Aftermath & Hope

Aftermath & Hope is a site-responsive audio-visual installation by Dan and Anna Friedman that processes the personal and collective grief following the Bondi tragedy. Anchored in the artists' lived experience as local residents, the work explores the lingering emotional responses to the events. Dan Friedman’s projected visuals blend fragmented landscapes of Bondi with intimate, symbolic imagery such as shattered mosaics and silenced portraiture, to capture the disorientation and fragility of a community grappling with profound loss.

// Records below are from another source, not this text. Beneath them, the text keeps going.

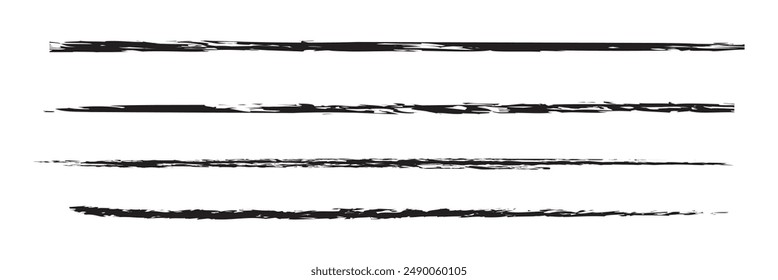 Black line, grunge brush strokes, ink paint set, Vector black paint brush spots, highlighter lines or felt-tip pen marker horizontal blobs. Marker pen or brushstrokes and dashes.Brush strokes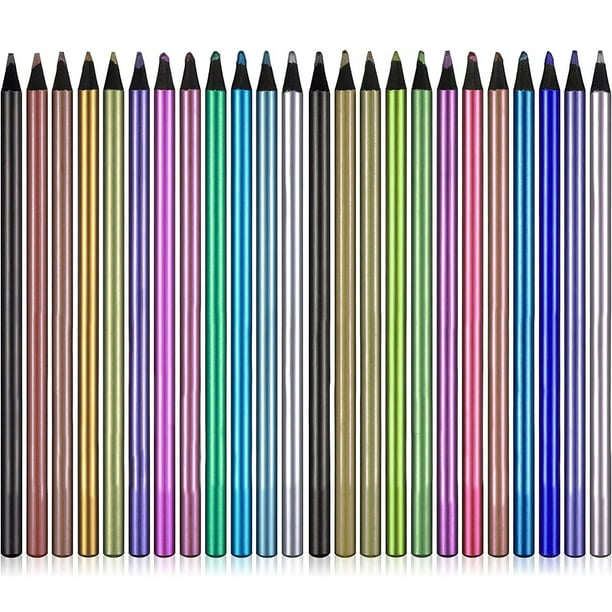 24 Colors Metallic Pencils, Wood Colored Pencils for Coloring, Drawing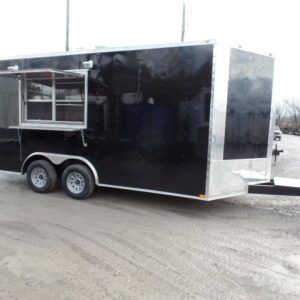 8.5' x 16' Black Catering Event Concession Food Trailer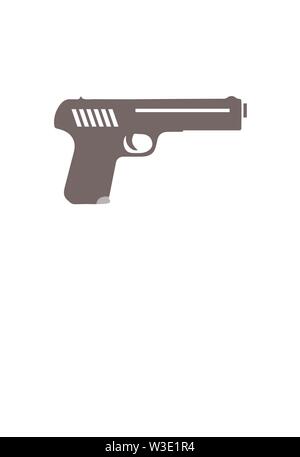Pistole-Symbol isoliert auf weißem Hintergrund Stock Vektor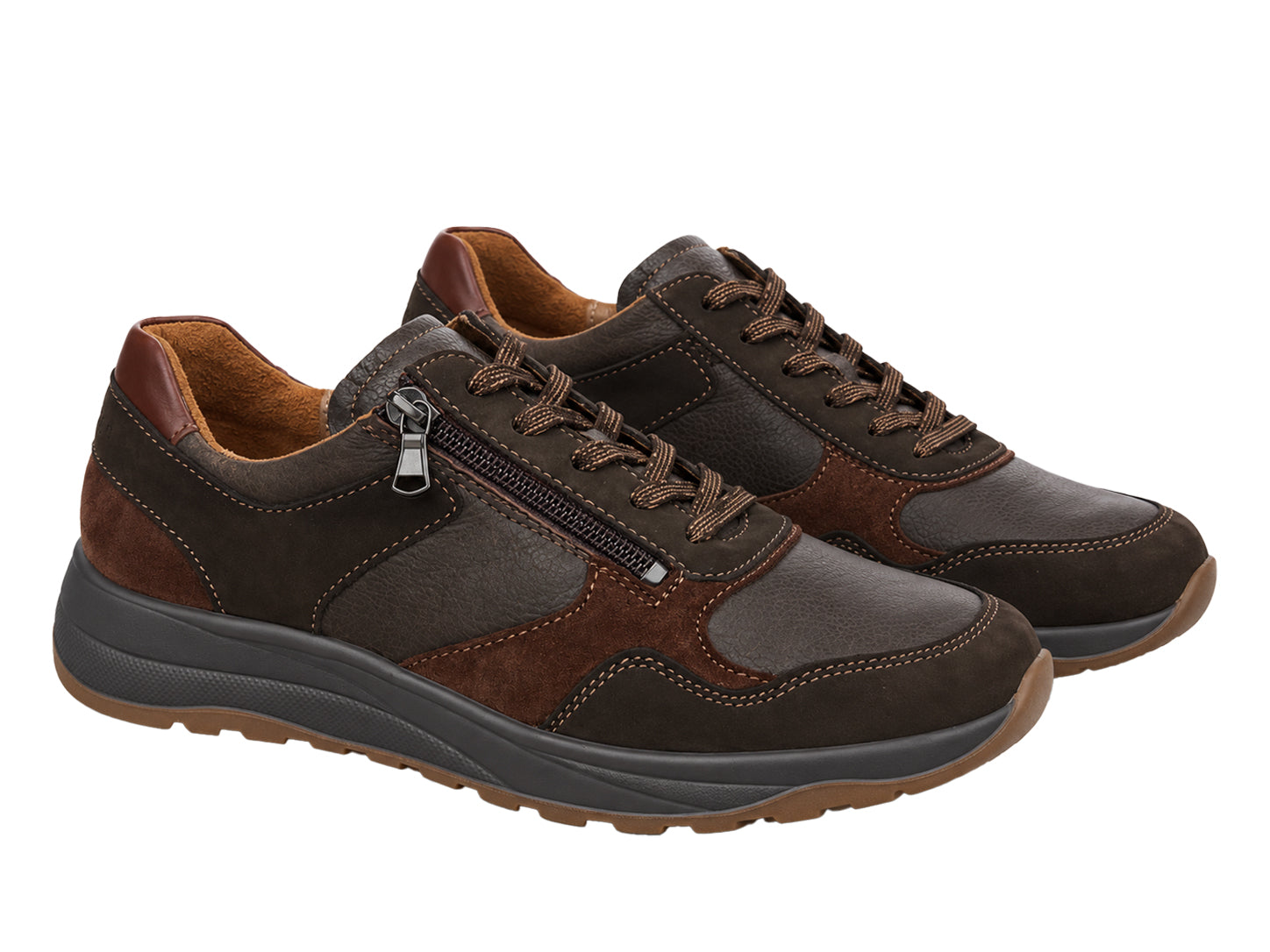 'K-John' herrsneaker med mycket bred passform (K) - Brun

In dialogue with the visual elements, Anna Hirst Friedman’s looped musical composition serves as a gentle, restorative force. Blending acoustic instrumentation like piano and cello with digital textures, the sparse score is built on open fifths to evoke a sense of timelessness and breathing room. Ultimately, the installation offers a quiet sanctuary for the audience, transforming the shock of the event into a shared space for witnessing, reflection, and the gradual process of healing.

Samples of music being developed for the installation. Anna will take these piano motifs and extend them in a full scale electronica work.

Dan Friedman

Dan is an illustrator, digital artist and designer based in Waverley with 20 years experience running his own digital studio. He is influenced in his work by his community and environment, with the beaches at the heart of the community. 

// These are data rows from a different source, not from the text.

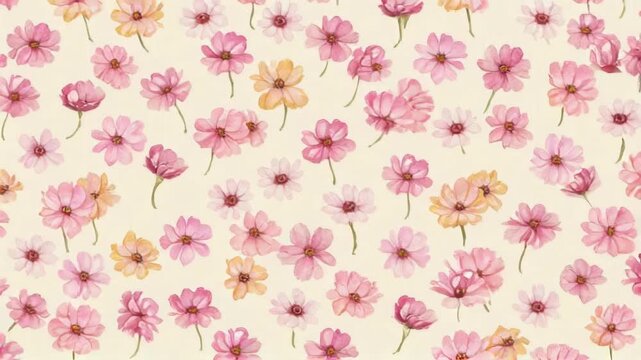 A soft floral pattern featuring delicate pink flowers on a light background, creating a warm and cheerful atmosphere.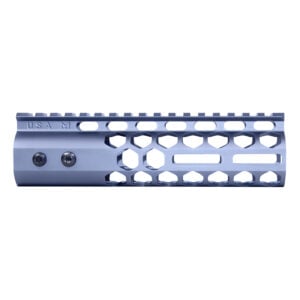 Blue 7-inch M-LOK Free Floating Handguard with Honeycomb Cutouts and Picatinny Rail.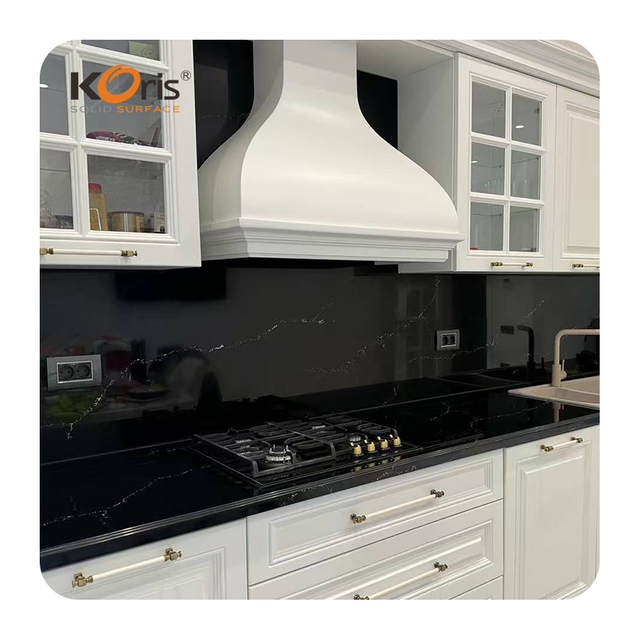 Black Marble Acrylic Solid Surface Slabs Artificial Stone for Kitchen Countertops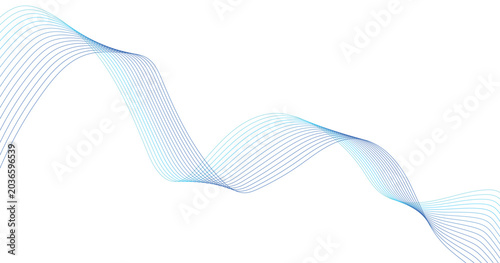 Foto Abstract blue wave, flowing curve, wavy line, vector graphic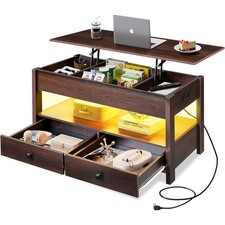 Lift Top Coffee Table W/ RGB LED USB Charging Extra Storage Durable Design Orta Sehpa price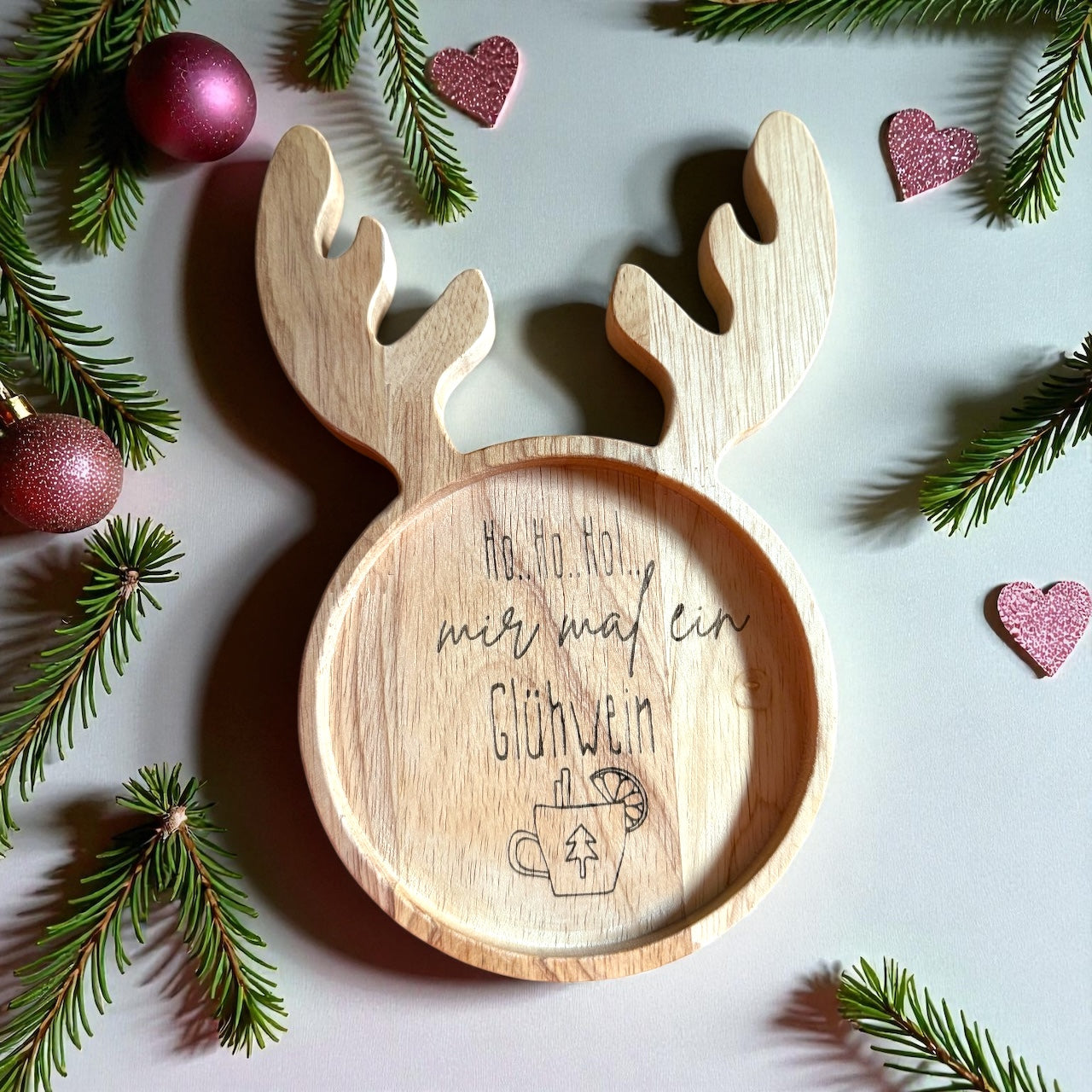 Rentier-Bambus-Tablett 4 Varianten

Using a range of multimedia tools to create his art, Dan employs painting and drawing along with cutting edge digital still and motion graphic tools to create visual landscapes that evoke experiences.

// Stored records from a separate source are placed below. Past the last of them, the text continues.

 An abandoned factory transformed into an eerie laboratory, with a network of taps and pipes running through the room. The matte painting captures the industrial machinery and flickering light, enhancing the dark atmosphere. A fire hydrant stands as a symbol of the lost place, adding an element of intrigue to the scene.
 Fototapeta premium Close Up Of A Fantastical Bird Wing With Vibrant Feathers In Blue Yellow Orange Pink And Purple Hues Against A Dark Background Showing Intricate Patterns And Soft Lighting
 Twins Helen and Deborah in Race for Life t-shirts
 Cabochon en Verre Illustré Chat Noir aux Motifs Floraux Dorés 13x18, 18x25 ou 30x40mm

In this series, he draws upon symbols of transformation, such as the much loved Bondi mosaic tiles shattered, with a sign of new life and hope sprouting from within.

Anna Hirst Friedman

Anna Hirst Friedman is a commissioned Australian composer and producer whose collaborative song cycle The Fire Always Says Yes, with librettist Jessica Chapnik Kahn, recently received its world premiere at the Sydney Opera House. Since returning to composing in 2023, Anna has achieved numerous successes.

In 2024, she won the Sydney Jewish Museum Musical Portrait Prize for a work about Rabbi Ninio, which was later re-transcribed for her Silver Jubilee event. She has since created several new works, including Amidah A Silent Prayer, premiered at the Goethe-Institut following a grant from Shalom Collective.

Anna was a runner-up in the inaugural Nexas String Quartet Saxophone Quartet Competition in 2025, and in January 2026, she recorded this work. Her choral work MADRE, words by Jessica Chapnik Kahn, was featured at TEDx Sydney in 2025 at the City Recital Hall and premiered at a Poetica event hosted by Woollahra Council.

2026 continues to mark a period of growth and recognition. Anna has been selected to compose new works for Chorus Ecclesiae and is collaborating with Spanish percussionist David Moliner to premiere her works in Germany and Spain.